Javier Milei a fait campagne avec une tronçonneuse, destinée à "couper les finances publiques". Photo : présidence d’Arménie
Plus de la moitié de la population argentine vit désormais sous le seuil de pauvreté, le taux de pauvreté étant passé, en six mois, de 41,7 % à 52,6 %, a révélé le 26 septembre l’Institut national de la statistique et des recensements argentin (Indec). En hausse depuis deux ans, l'augmentation du taux s’est accéléré depuis la prise de pouvoir du président ultra-libéral Javier Milei, élu le 19 novembre 2023. Il a mis en place une sévère politique d’austérité visant à lutter contre l’hyper-inflation dont souffre son pays. Celui qui a promis de couper les dépenses publiques à la tronçonneuse a atteint dès janvier son objectif de passer de 5,2 % de déficit public en 2023 à 0 %.
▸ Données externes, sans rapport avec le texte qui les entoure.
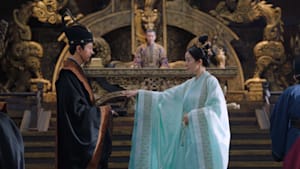 第37話 龍尾神の使者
L’arrivée de Javier Milei a été très bien accueillie par les marchés extérieurs, la bourse de Buenos Aires ayant bondi de 20 % le lendemain de son élection. Quelques jours après sa prise de pouvoir, il a subitement dévalué le peso argentin de moitié. Cela permet de redynamiser les exportations, dont le ralentissement était l’une des causes du déficit. Mais la dévaluation diminue à court terme le pouvoir d’achat de la population, accroissant ainsi la pauvreté. En parallèle, le nouveau pouvoir a mis en place une politique d’austérité visant à pérenniser les comptes publics.
Coupures de budget et asphyxie du service public
Le gouvernement a par exemple arrêté dès décembre tous les appels d'offre pour des chantiers d’infrastructures et interrompu ceux qui avaient déjà commencé. Au sein des services publics, la plupart des budgets n’ont pas été augmentés malgré une inflation qui atteint 236 % sur un an, au mois d’août 2024. Les universités, par exemple, se sont vu attribuer en 2024 le même budget qu’en 2023, alors que la hausse des prix ne permet plus de faire fonctionner l’enseignement et la recherche, au bord de l’asphyxie.
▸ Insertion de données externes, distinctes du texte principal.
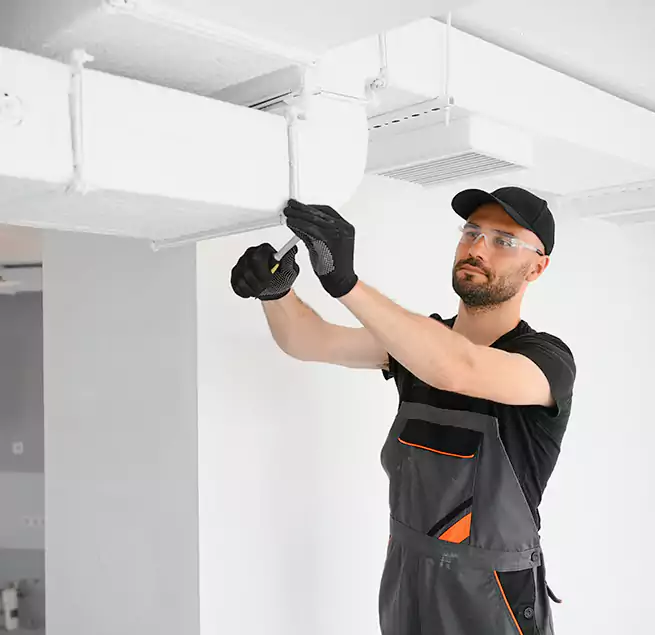 Why Homeowners & Businesses Trust Us in Columbia, TN?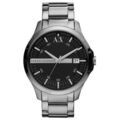 Hommes sur Grenoble : Montre EAX AX2103-HAMPTON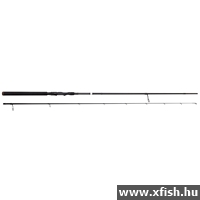 Savage Gear Sg2 Shore Game Medium Pergető Bot 274cm 10-30g 2Részes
Ces mesures sont essentiellement prises par décret, alors que le camp Milei est en situation de minorité parlementaire, avec le soutien de seulement sept sénateurs sur 72 et 37 députés sur 257. Les réformes structurelles portées par la présidence sont ainsi en suspens, notamment la loi "omnibus", qui rassemble l’ambitieux programme de réformes économiques du président argentin, tourné vers la dérégulation, la privatisation et la flexibilisation du travail. La loi a déjà dû être amputée de plus de la moitié de ses 600 articles après examen au Congrès.
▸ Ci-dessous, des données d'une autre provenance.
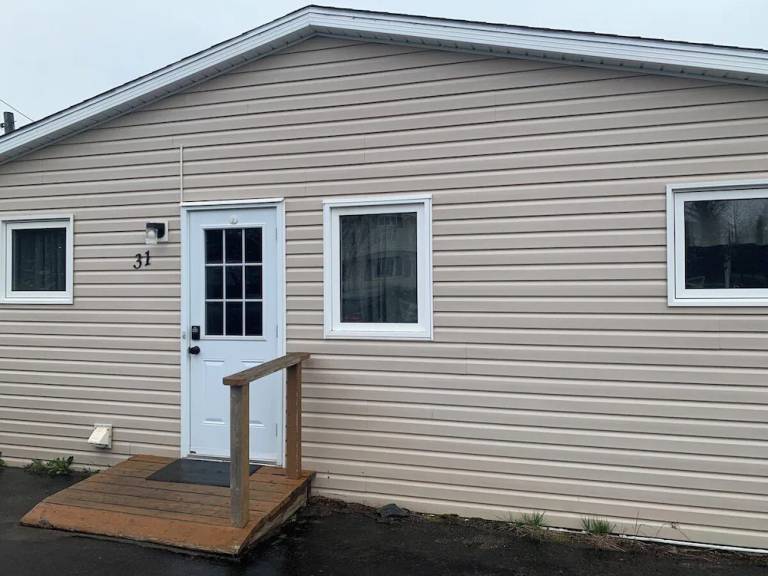 House  Twillingate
Les différentes mesures d’austérité combinées à une inflation qui se résorbe tout juste ont conduit à une baisse du pouvoir d’achat des Argentins et une augmentation du taux de chômage, qui est passé de 6,2 % à 7,7 %. L’interruption de a sérieusement ralenti l’économie. Une récession se profile pour 2024 et la banque centrale estime que le PIB baissera de 3,5 % cette année.
Malgré les difficultés subies par la population, le gouvernement assume sa politique économique. "Personne n’a jamais dit que ce serait simple, que l’activité ne souffrirait pas, s’est défendu jeudi le porte-parole de la présidence Manuel Adorni. La meilleure façon de lutter contre la pauvreté est de lutter contre l’inflation."
Si le gouvernement estime que ce n’est qu’une mauvaise phase qui doit permettre de retrouver une situation apaisée, ces réformes se font au prix d’une détresse réelle des Argentins en situation de dénuement économique.